[Web page caption snippets]
-- Opening Marker --
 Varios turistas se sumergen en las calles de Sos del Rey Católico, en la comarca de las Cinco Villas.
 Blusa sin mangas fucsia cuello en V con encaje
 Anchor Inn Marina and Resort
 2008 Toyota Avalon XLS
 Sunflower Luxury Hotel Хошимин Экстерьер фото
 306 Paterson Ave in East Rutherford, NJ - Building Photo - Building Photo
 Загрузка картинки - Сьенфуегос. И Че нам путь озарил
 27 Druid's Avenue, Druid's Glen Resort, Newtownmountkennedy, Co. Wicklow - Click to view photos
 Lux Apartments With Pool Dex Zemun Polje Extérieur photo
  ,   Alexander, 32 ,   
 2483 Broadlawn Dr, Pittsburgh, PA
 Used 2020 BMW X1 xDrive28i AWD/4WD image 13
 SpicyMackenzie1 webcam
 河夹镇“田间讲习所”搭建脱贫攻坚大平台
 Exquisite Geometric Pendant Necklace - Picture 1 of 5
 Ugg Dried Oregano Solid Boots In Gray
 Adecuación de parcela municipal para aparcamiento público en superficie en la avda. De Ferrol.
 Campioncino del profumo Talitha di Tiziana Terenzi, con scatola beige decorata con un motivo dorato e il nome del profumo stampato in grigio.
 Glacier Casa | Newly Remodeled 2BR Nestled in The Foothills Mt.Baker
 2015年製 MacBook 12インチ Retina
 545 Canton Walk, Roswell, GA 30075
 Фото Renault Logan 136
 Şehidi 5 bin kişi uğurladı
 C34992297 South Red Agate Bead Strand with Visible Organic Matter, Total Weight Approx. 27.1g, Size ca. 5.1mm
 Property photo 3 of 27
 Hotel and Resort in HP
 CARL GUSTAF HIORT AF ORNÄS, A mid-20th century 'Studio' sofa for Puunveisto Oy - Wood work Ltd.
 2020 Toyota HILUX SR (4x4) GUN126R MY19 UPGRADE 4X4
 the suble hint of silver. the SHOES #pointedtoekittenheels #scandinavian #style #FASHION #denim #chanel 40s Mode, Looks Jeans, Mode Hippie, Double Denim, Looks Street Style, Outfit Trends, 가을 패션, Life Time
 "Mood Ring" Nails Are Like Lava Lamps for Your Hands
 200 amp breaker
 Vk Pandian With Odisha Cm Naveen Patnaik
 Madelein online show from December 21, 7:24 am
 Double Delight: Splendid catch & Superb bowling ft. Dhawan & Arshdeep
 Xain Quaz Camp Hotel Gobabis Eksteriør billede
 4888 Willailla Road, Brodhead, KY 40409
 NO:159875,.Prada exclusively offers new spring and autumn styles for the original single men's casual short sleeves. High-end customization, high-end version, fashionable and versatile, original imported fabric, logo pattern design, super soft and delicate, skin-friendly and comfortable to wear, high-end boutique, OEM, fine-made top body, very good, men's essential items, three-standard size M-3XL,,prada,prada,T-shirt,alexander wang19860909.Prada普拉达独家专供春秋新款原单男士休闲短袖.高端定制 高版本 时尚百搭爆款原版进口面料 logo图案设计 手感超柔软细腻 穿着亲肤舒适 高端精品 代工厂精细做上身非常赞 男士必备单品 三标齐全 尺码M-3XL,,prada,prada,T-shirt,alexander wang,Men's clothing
-- Closing Marker --
Required work: Find the line with "Anchor Inn Marina and Resort" in the entries above. Retype it and each line after it, exactly, through the line with "Ugg Dried Oregano Solid Boots In Gray", and stop there.

Answer to this task:
 Anchor Inn Marina and Resort
 2008 Toyota Avalon XLS
 Sunflower Luxury Hotel Хошимин Экстерьер фото
 306 Paterson Ave in East Rutherford, NJ - Building Photo - Building Photo
 Загрузка картинки - Сьенфуегос. И Че нам путь озарил
 27 Druid's Avenue, Druid's Glen Resort, Newtownmountkennedy, Co. Wicklow - Click to view photos
 Lux Apartments With Pool Dex Zemun Polje Extérieur photo
  ,   Alexander, 32 ,   
 2483 Broadlawn Dr, Pittsburgh, PA
 Used 2020 BMW X1 xDrive28i AWD/4WD image 13
 SpicyMackenzie1 webcam
 河夹镇“田间讲习所”搭建脱贫攻坚大平台
 Exquisite Geometric Pendant Necklace - Picture 1 of 5
 Ugg Dried Oregano Solid Boots In Gray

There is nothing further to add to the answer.